>>>

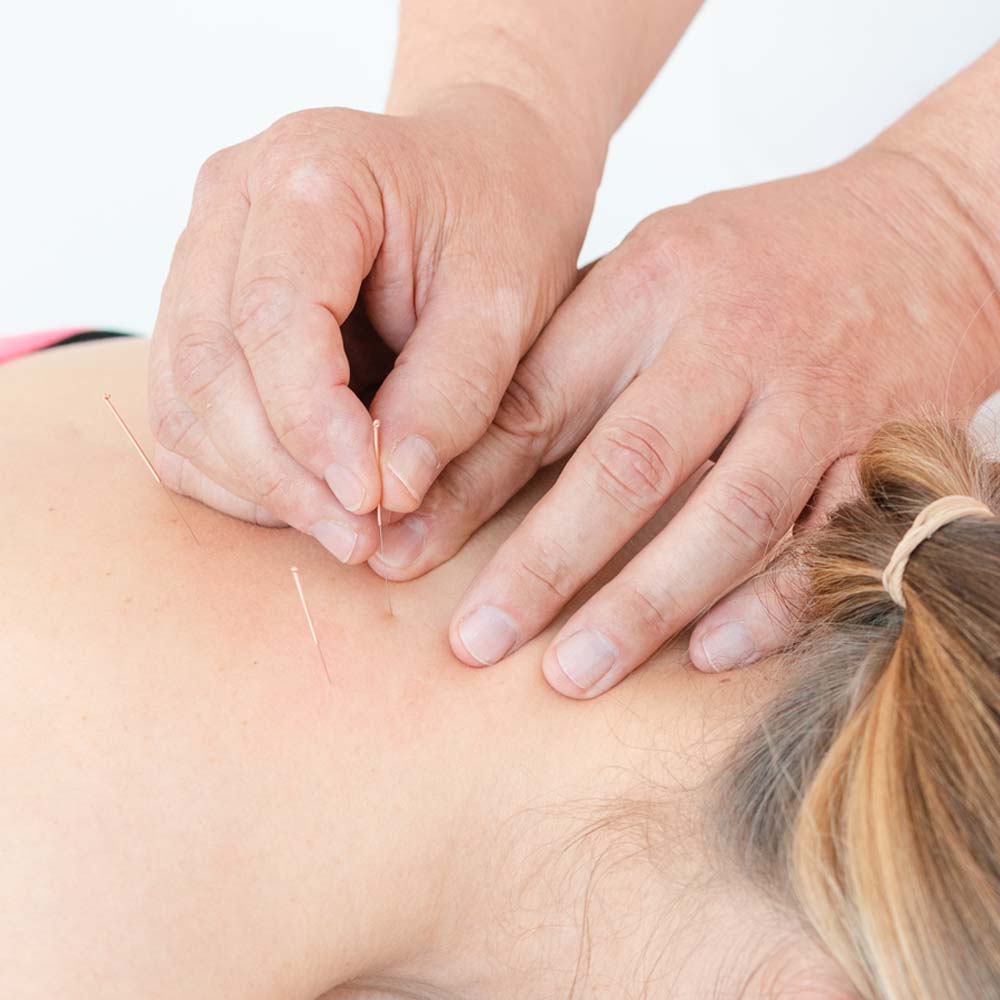 Akupunktur zur Schmerzbehandlung als ergänzende Therapie im ZAR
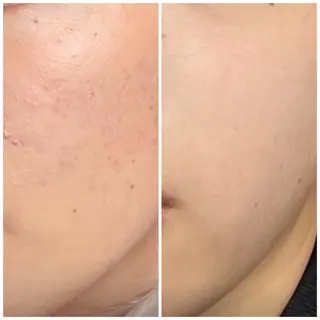 ニキビ特化型エステ 🍓最短で肌質改善のエステ・リラクイメージ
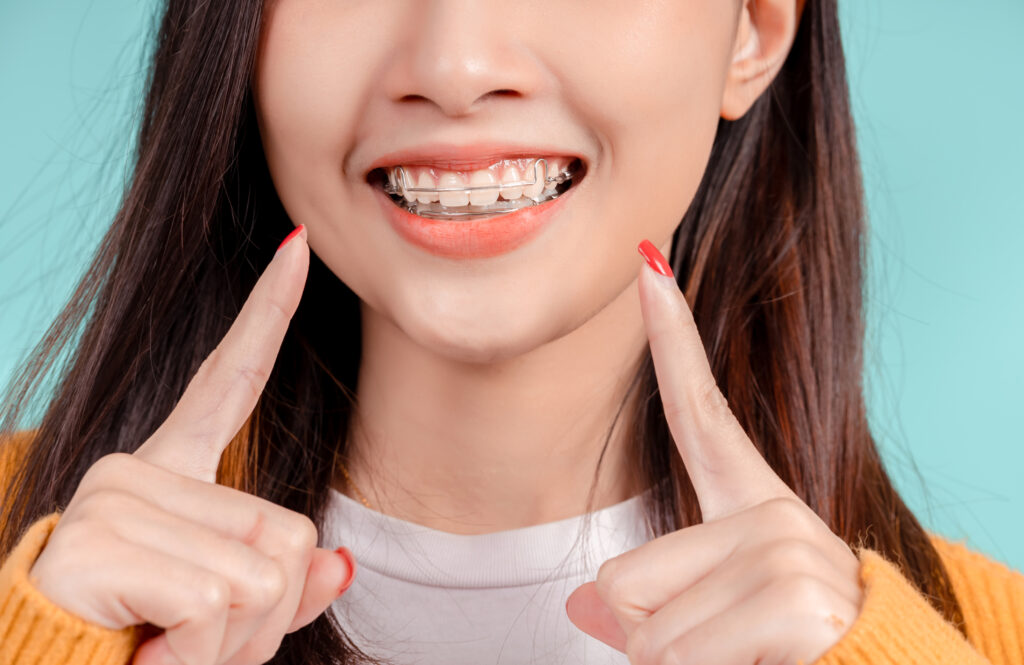 When Can I Stop Wearing My Retainer? Fresh Orthodontics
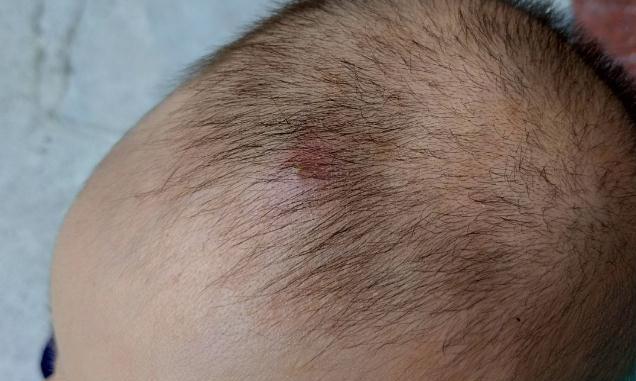 宝宝的囟门很重要，一岁内时，若囟门出现这3种形态，别大意|囟门|宝宝|大意_新浪新闻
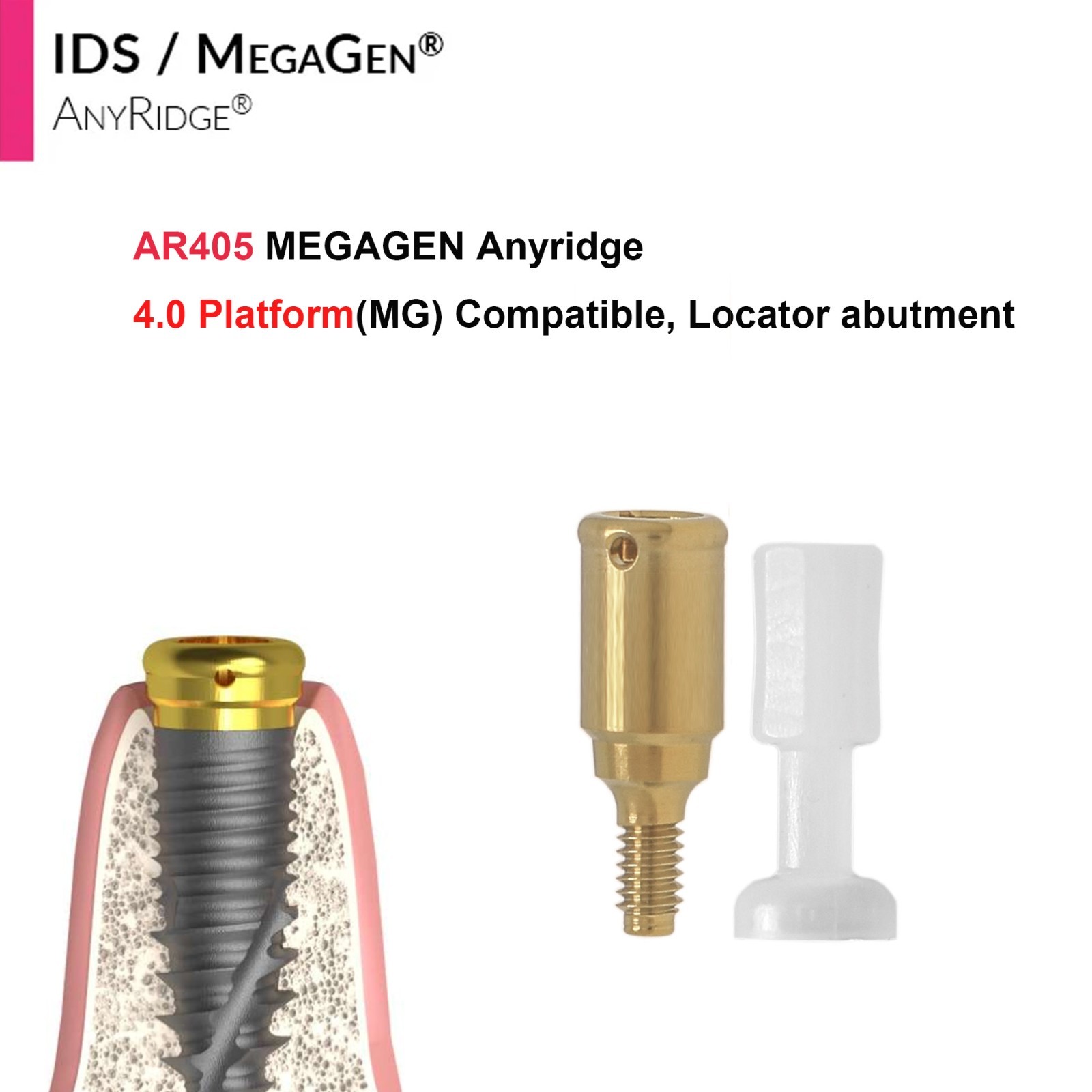 Implant Fit Zest Locator Abutment Hiossen/Nobel/Zimmer/GM/MegaGen /Straumann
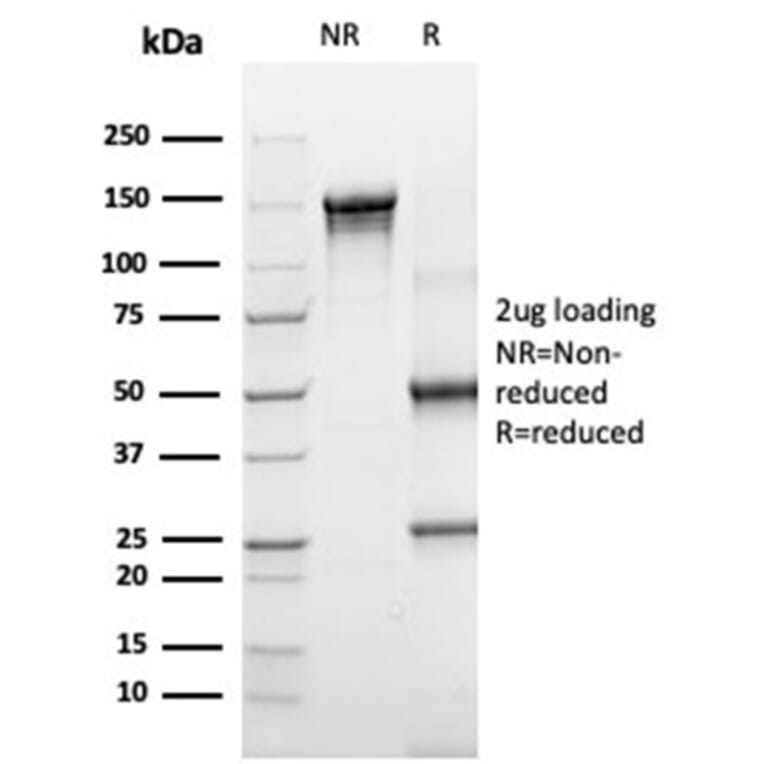 SDS-PAGE - Anti-alpha 1 Antichymotrypsin Antibody [SERPINA3/4190] (A277553) - Antibodies.com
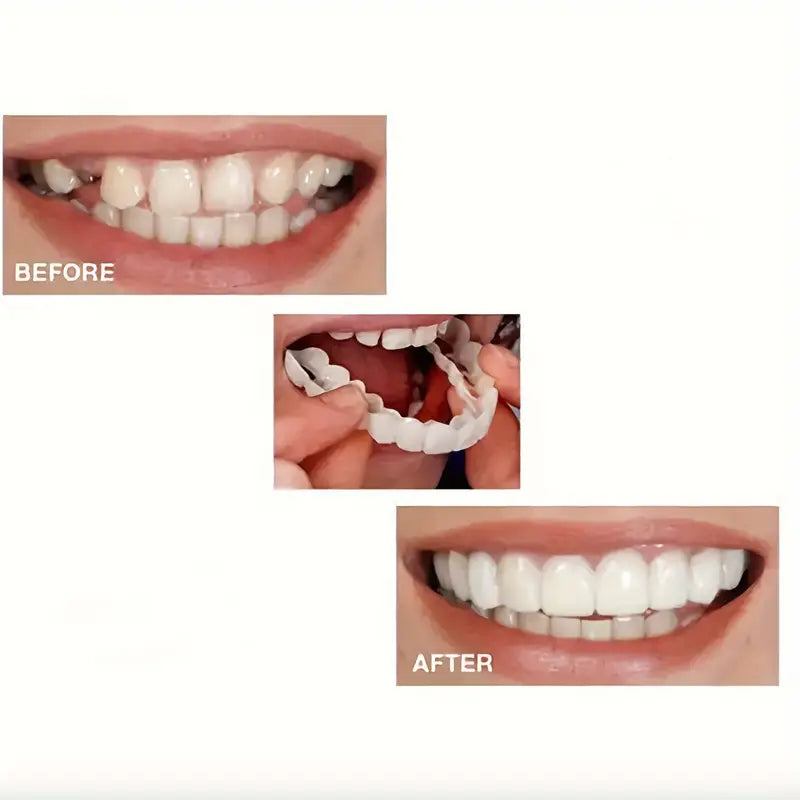 Adjustable Perfect Fit White Veneers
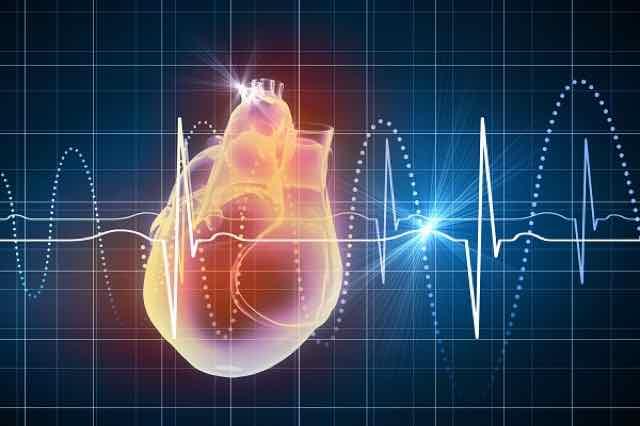 IAM com alterações de alto risco no ECG: indo além do supradesnivelamento  ST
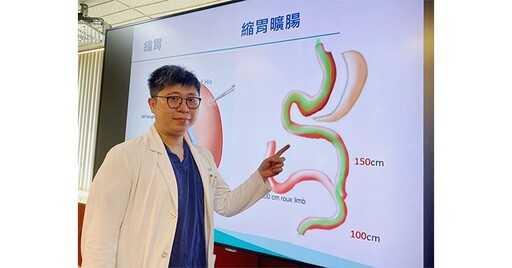 病態性肥胖減重「縮胃曠腸手術」是什麼？減重成效、優點一次看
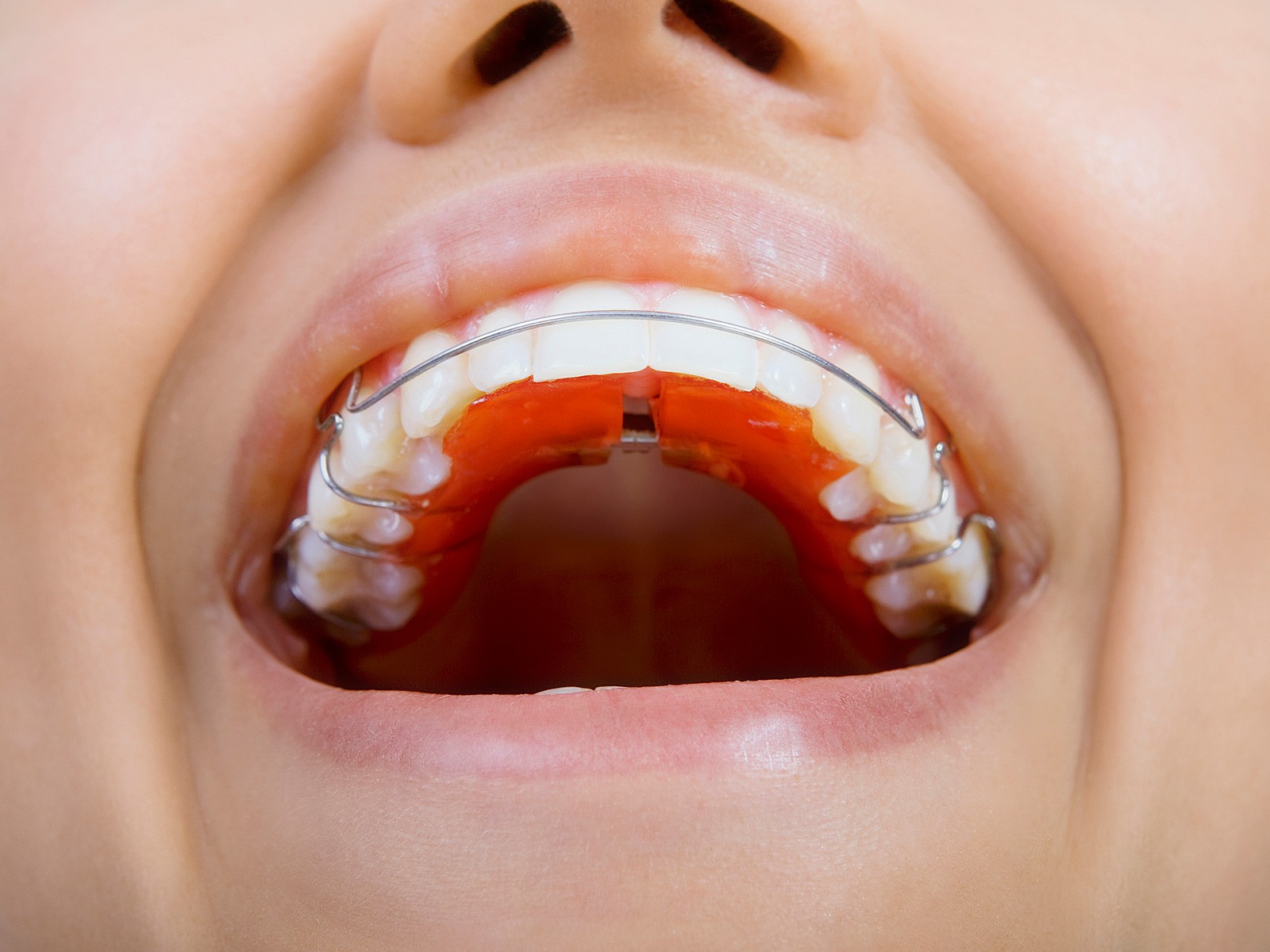 How long does it take a retainer to move teeth back?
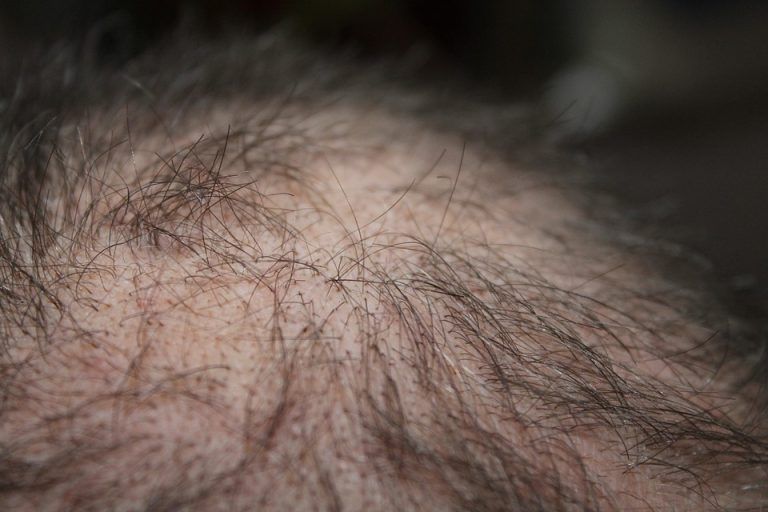 Close-up of thinning hair on a scalp with sparse dark strands and visible skin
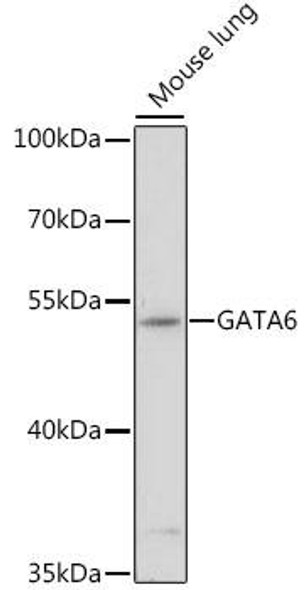 Anti-GATA6 Antibody (CAB16634)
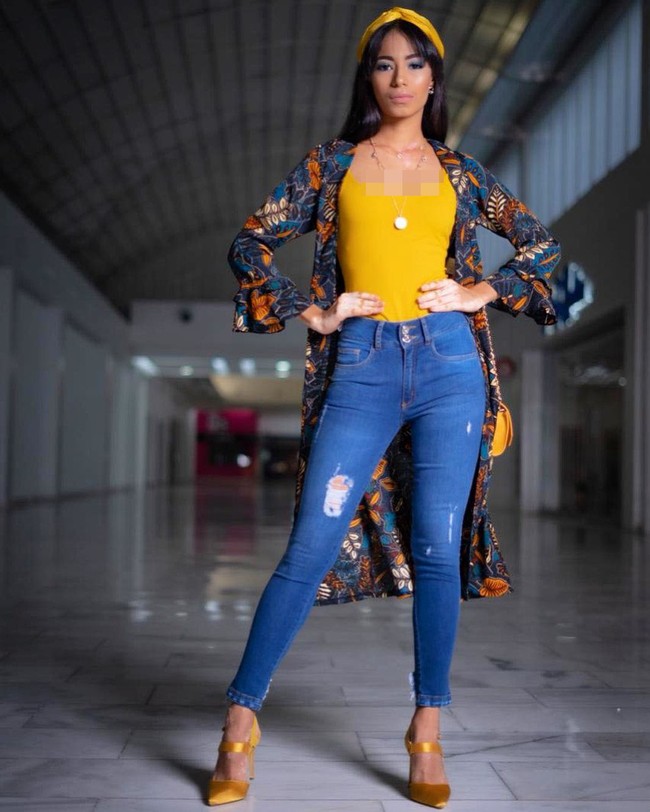 Namun, perjalanan kariernya di kontes kecantikan tak mulus. Kariernya sempat terhenti lantaran kelainan yang dideritanya. Foto: Instagram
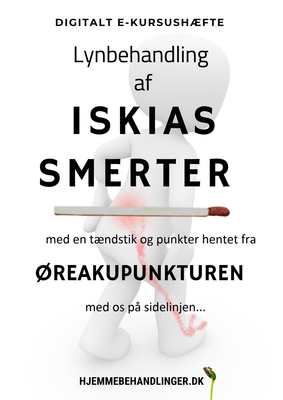Lynafbalancering  af iskiassmerter  med en tændstik og punktet hentet fra øreakupunkturen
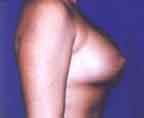 Patient # 41619 After Photo # 2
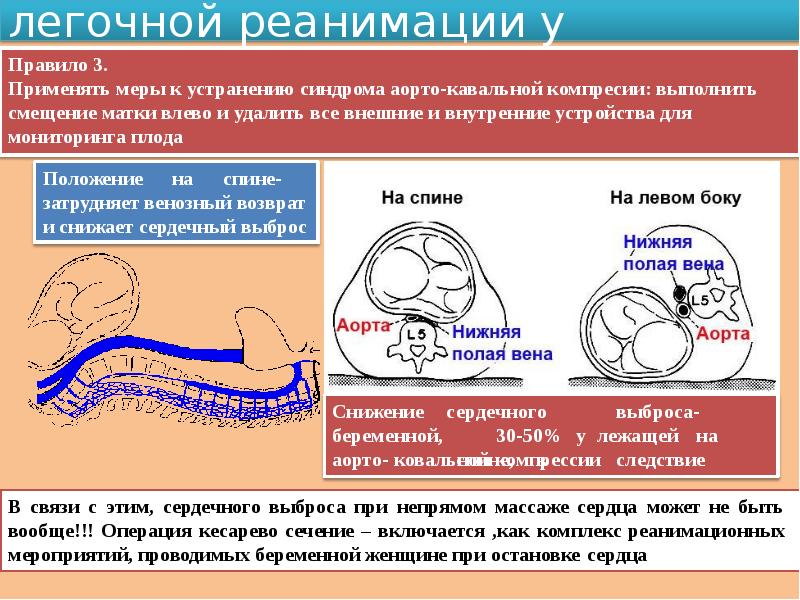 Особенности реанимации у беременных женщин презентация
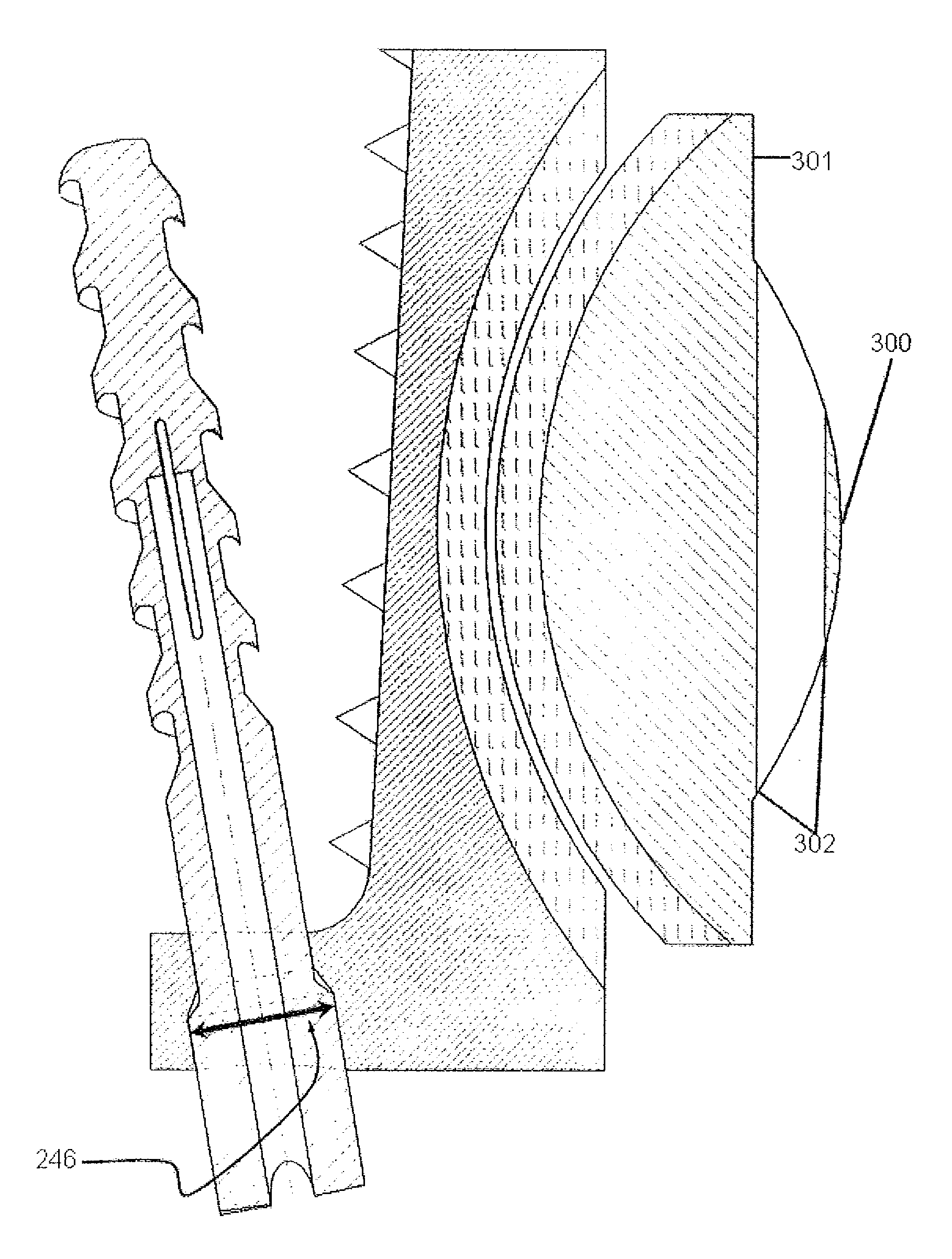 Dynamic spinal implants incorporating cartilage bearing graft material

<<<

Exercise details: Only one part of the material above is wanted: the lines from the one with "Adjustable Perfect Fit White Veneers" up to and including the one with "How long does". Please copy them exactly, pictures left out.

Response to the task:
 Adjustable Perfect Fit White Veneers
 IAM com alterações de alto risco no ECG: indo além do supradesnivelamento  ST
 病態性肥胖減重「縮胃曠腸手術」是什麼？減重成效、優點一次看
 How long does it take a retainer to move teeth back?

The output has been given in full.